Image of the Week: Direct writing using 3D printed, melt electrospun fibres

 

Top photos show photographs of single fibres fabricated by melt electropinning, with collector speeds of a) 0.4 m min−1, b) 0.8 m min-1, c) 1 m min-1. Lower photo shows a 3D structure of NWPU (for Northwestern Polytechnical University, Xi'an, where this work took place) which was prepared in a direct-writing way using thirty layers of melt electrospinning. Image taken from Feng-Li He et al 2017 J. Phys. D: Appl. Phys. 50 425601, © IOP Publishing, All Rights Reserved.
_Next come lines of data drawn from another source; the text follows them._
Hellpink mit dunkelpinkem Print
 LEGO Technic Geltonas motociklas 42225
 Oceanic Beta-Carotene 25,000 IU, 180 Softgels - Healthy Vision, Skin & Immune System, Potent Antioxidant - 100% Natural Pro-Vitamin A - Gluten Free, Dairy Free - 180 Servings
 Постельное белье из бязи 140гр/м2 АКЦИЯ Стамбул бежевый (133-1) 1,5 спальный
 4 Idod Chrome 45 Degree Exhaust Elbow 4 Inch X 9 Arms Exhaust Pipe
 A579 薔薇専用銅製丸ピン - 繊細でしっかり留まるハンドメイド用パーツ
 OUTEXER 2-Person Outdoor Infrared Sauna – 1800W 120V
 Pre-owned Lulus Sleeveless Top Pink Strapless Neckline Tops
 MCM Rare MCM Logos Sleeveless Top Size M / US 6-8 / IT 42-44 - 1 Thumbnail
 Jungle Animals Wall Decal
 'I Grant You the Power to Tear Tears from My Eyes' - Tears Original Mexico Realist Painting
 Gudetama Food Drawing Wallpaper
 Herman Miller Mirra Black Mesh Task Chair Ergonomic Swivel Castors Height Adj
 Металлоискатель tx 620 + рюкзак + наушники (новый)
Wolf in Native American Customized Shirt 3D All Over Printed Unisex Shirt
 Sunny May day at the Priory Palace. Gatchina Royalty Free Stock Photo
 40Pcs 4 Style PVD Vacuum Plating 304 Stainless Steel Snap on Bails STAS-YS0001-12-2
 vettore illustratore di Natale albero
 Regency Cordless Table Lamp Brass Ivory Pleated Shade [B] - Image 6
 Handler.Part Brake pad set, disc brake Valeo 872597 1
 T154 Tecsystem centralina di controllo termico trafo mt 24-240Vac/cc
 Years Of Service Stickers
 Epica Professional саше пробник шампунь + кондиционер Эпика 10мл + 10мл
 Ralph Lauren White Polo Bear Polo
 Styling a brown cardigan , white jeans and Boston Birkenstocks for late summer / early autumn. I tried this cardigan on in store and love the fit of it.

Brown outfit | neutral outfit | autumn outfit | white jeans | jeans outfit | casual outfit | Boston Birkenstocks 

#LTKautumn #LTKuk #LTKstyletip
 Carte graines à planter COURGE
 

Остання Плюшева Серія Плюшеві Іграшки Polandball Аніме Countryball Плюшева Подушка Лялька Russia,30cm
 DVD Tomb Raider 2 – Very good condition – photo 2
Top images show photographs of single fibres fabricated through melt electrospinning, with collector speeds of (a) 0.4 m min−1, (b) 0.8 m min−1, (c) 1 m min−1. Lower photo shows a 3D structure of ‘NWPU’ (for Northwestern Polytechnical University, Xi’an, where this work took place) which was prepared in a direct-writing way using thirty layers of melt electrospinning. Image taken from Feng-Li He et al 2017 J. Phys. D: Appl. Phys. 50 425601, © IOP Publishing, All Rights Reserved.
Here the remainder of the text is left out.